TLT Business update... We met with management at the Marcum Microcap Conference held in New York City (June 1-2, 2016). The topic of discussion was how ready is the market to adopt the TLC-2000 device as well as the progress on the Phase 1B clinical trial involving TLD-1433.
Since the approval from the FDA and Health Canada for the TLC-2000 device in December 2015, the market adoption of the device has been slow and uneven. A couple of reasons could be attributed to this choppiness. Although the new generation device is updated and has the feedback technology, customers appear to be notoriously slow to adopt this device as they opt to wait until the wrinkles are ironed out. Feedback from current customers is that they are comfortable and happy with the current device; if they had recently purchased a new device then they do not intend to invest in another device immediately and/or the features of the TLC-2000 do not interest them enough. Further, they are skeptical of investing in a newer device that is also 1.5-2x more expensive than the TLC-1000 device. These reasons seem to indicate that the TLC-2000 is not attractive enough to consumers to drive upgrades. Although this comes as a disappointment to Theralase it could be temporary and the company plans to train and educate their sales team to help accelerate market adoption. We think as healthcare practitioners gain experience using the TLC-2000, adoption times are likely to shorten.
Health Canada requires biocompatible, mechanical and sterility testing of the fibre optic components of the TLC-3200 medical laser which is used to activate TLD-1433 that is absorbed into bladder cancer lesions. Theralase’s application (Investigational Testing Application - ITA) is almost ready for submission to Health Canada and expected to happen by mid-June 2016. Approval could be obtained by Q2 2016 if an expedited review status (15 days for response) is granted. Otherwise, a response is provided within 30 calendar days from the date of submission. Enrollment in the Phase Ib NMIBC clinical trial at UHN will commence immediately following ITA approval. This could happen by end of July 2016.
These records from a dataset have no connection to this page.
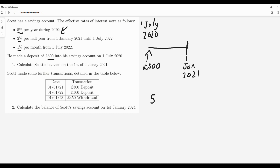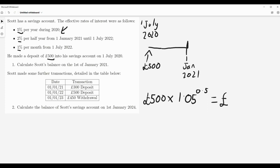This is a case of doing £500 multiplied by an increase of five percent, so 1.05. Thinking about the time period involved — it's not one full year because it's July to January, which is half a year. So we do £500 times 1.05 to the power of a half.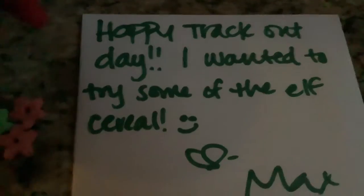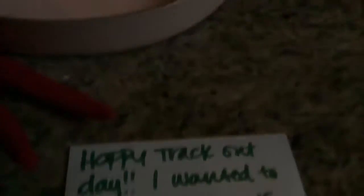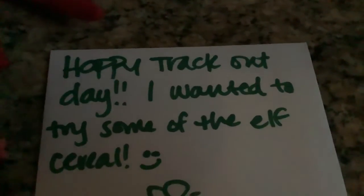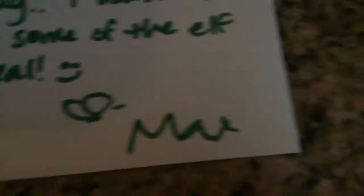He found my Elf on the Shelf kit cereal. Happy track out day! I wanted to try some of the elf cereal, Max.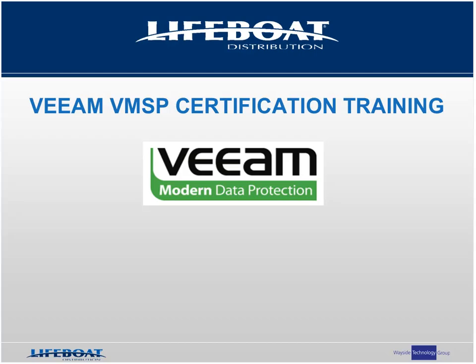Good afternoon, everyone, and welcome to Lifeboat Distribution's exclusive Veeam VMSP Certification Training webcast. Today's training will focus on how to acquire Veeam VMSP certification for Veeam Backup and Replication V7. My name is Joe Hanlon. I'm part of Lifeboat Distribution's dedicated business development team. I'll be your host for today's webcast. On behalf of Lifeboat Distribution and Veeam, I'd like to thank everyone for attending and entrusting us to provide you with this training.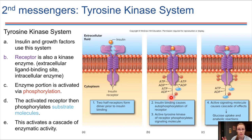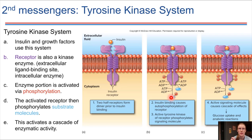That was a huge amount of information — enough for a whole entire lecture. Make sure to take some time to digest all of this. What we're going to do next is go through specific glands of the endocrine system and see what each one does. The hard part — going through these mechanisms — is out of the way. What's up next are specific examples of different glands.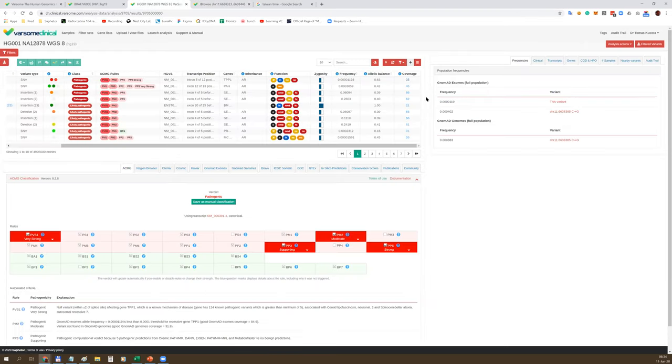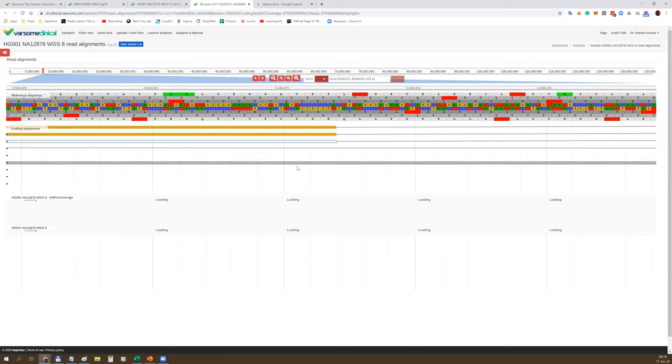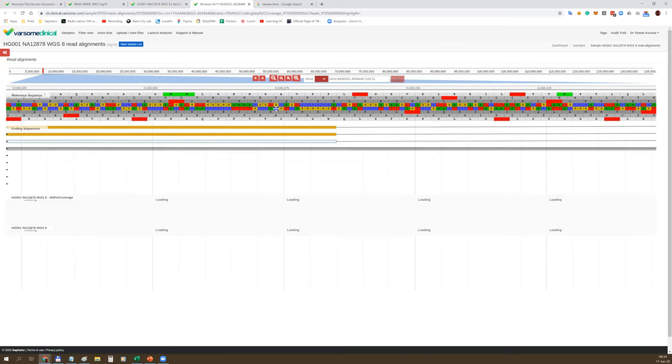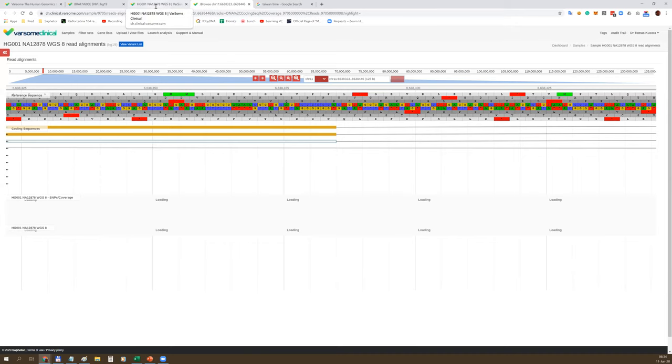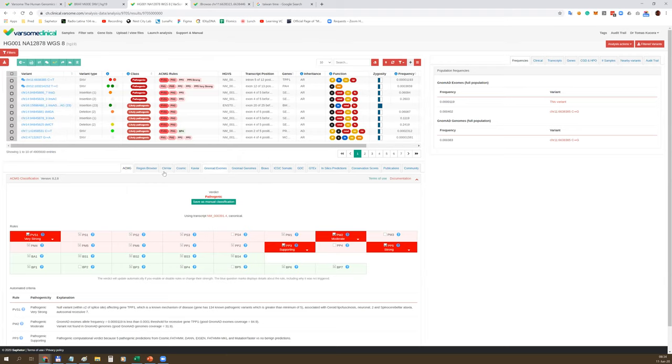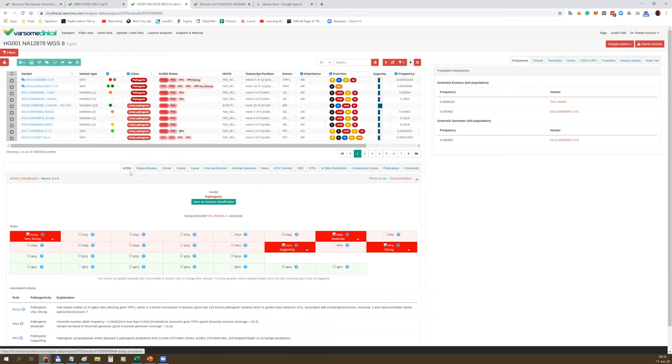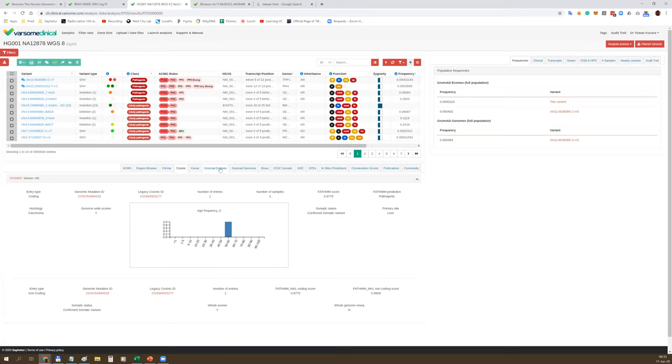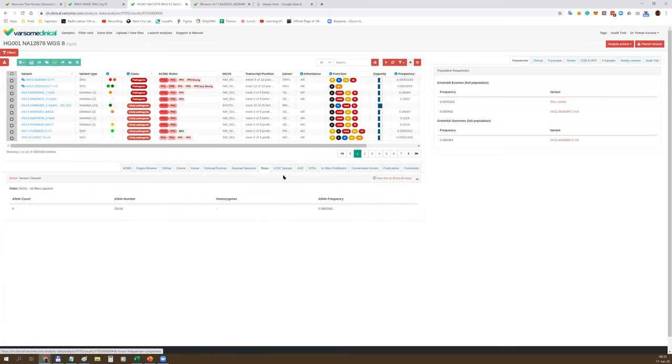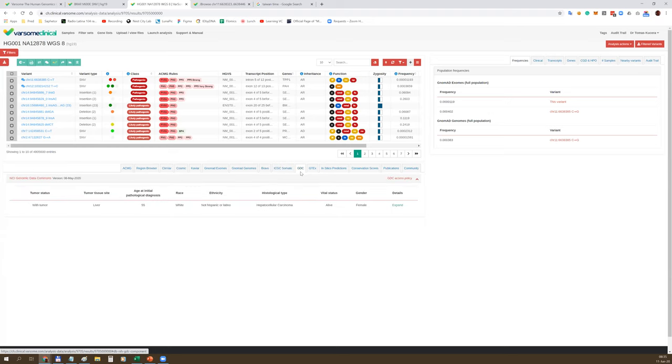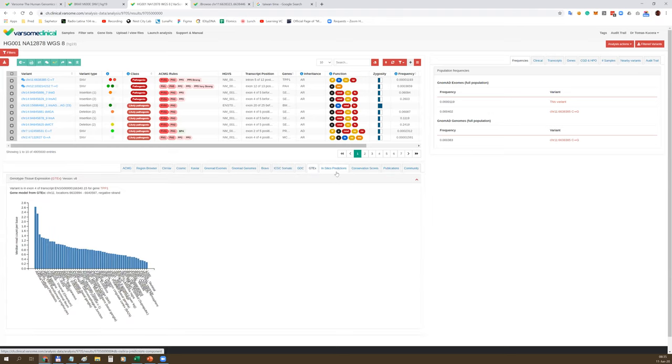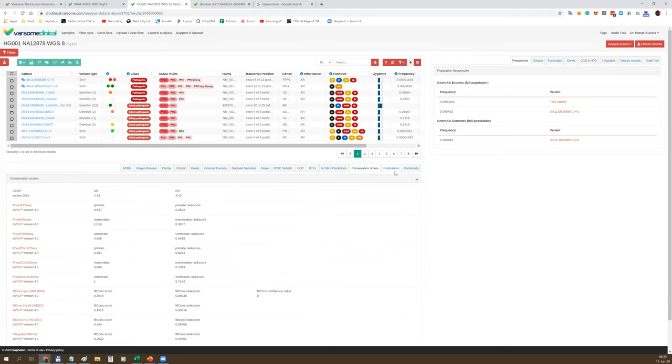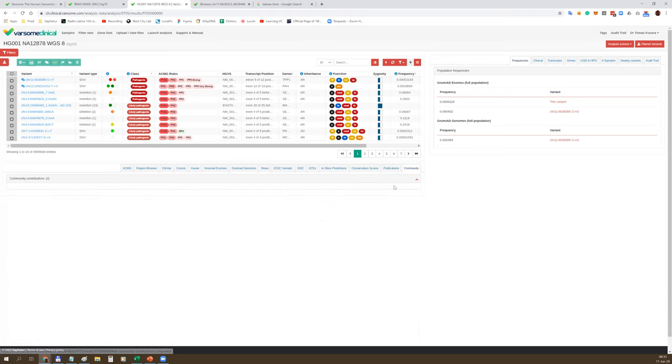Whether it's coding, missense, splicing variant, zygosity, population frequency, allelic balance and coverage. Coverage is a link which, if you click on it, takes you to the JBrowse where you can see the graphical representation of reads. IGV is also available as an option. Around the variant table, you can see all the annotation data coming from all these 70 data resources. Here you can see the first set of tabs with ACMG criteria, the region browser, ClinVar entries, Cosmic entries, population frequencies, somatic data resources.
In the Phase Ib NMIBC clinical study, the bladders of three patients will be instilled with a low dose of TLD-1433 drug and then light activated using the TLC-3200 medical laser. These three subjects will be monitored for 30 days to ensure safety and tolerability of the procedure. If no adverse events are reported, then an additional six subjects will be enrolled into the study who will be instilled with a high dose of TLD-1433 followed by light activation. They will be monitored for six months. If safety and tolerability of the procedure is demonstrated in all of the nine subjects, the Phase Ib study results will be used to support Health Canada approval and a Phase II multi-center efficacy study for NMIBC will commence in Q2 2017 in Canada, the U.S. and Europe.
Valuation
We have updated our financial model following Q1 2016 numbers as well as management’s guidance. The choppiness in our revenue forecast for 2016 and 2017 is based on the expected gain from the newly hired sales force and the variability in seasonal sales. We expect sales of the TLC-2000 device to pick up steam in 2H 2016 and anticipate Theralase to show improved performance on net income and cash flow from commercialization of the TLC-2000 device in the coming years. Our fundamentals and outlook on Theralase remain intact.